▶ **Work to complete**
Set down, character for character, everything in the records below from the line holding "Fully upholstered in" down to the line holding "Thai traditional craft", and no other line.

▶ **Data shown**
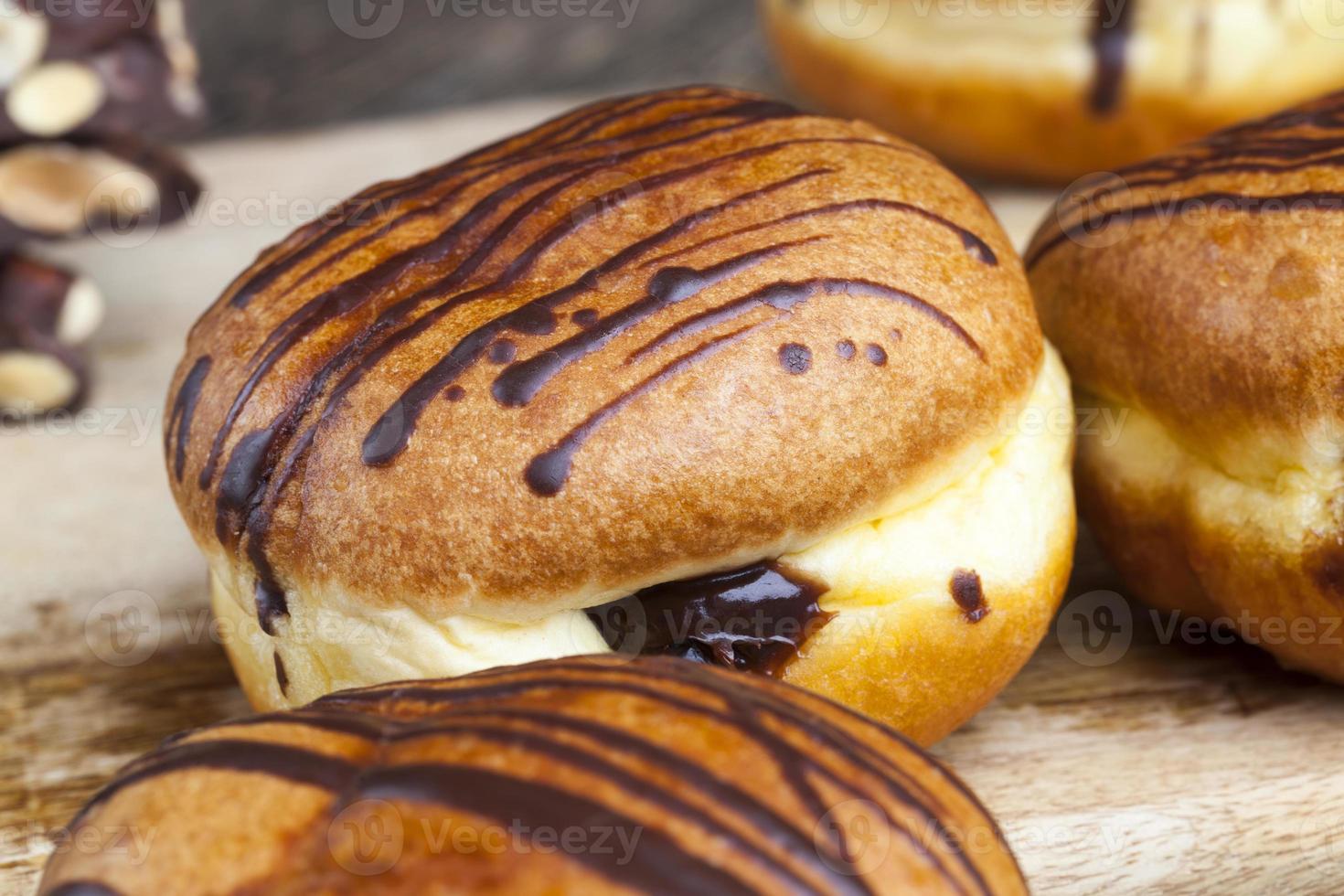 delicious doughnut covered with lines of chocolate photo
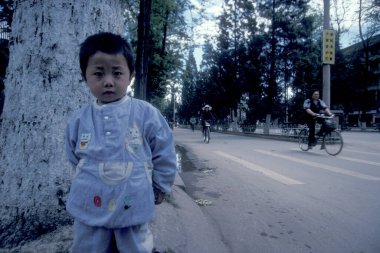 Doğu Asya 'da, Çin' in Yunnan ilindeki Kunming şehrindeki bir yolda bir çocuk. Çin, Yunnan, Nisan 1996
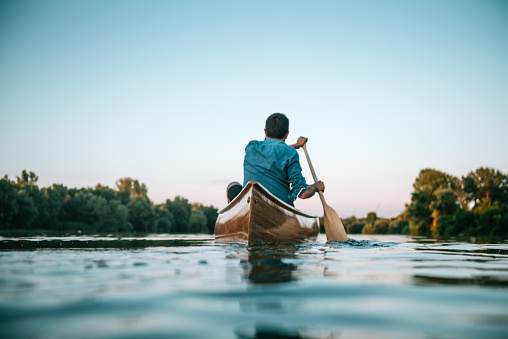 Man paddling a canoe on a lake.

==

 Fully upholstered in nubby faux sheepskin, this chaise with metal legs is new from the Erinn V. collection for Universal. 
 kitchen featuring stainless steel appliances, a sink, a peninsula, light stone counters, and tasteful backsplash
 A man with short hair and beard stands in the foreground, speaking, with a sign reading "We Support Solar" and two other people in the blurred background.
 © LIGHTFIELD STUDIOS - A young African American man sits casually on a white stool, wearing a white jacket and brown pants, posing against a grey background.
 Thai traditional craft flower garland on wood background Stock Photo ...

▶ **Answer box**
 Fully upholstered in nubby faux sheepskin, this chaise with metal legs is new from the Erinn V. collection for Universal. 
 kitchen featuring stainless steel appliances, a sink, a peninsula, light stone counters, and tasteful backsplash
 A man with short hair and beard stands in the foreground, speaking, with a sign reading "We Support Solar" and two other people in the blurred background.
 © LIGHTFIELD STUDIOS - A young African American man sits casually on a white stool, wearing a white jacket and brown pants, posing against a grey background.
 Thai traditional craft flower garland on wood background Stock Photo ...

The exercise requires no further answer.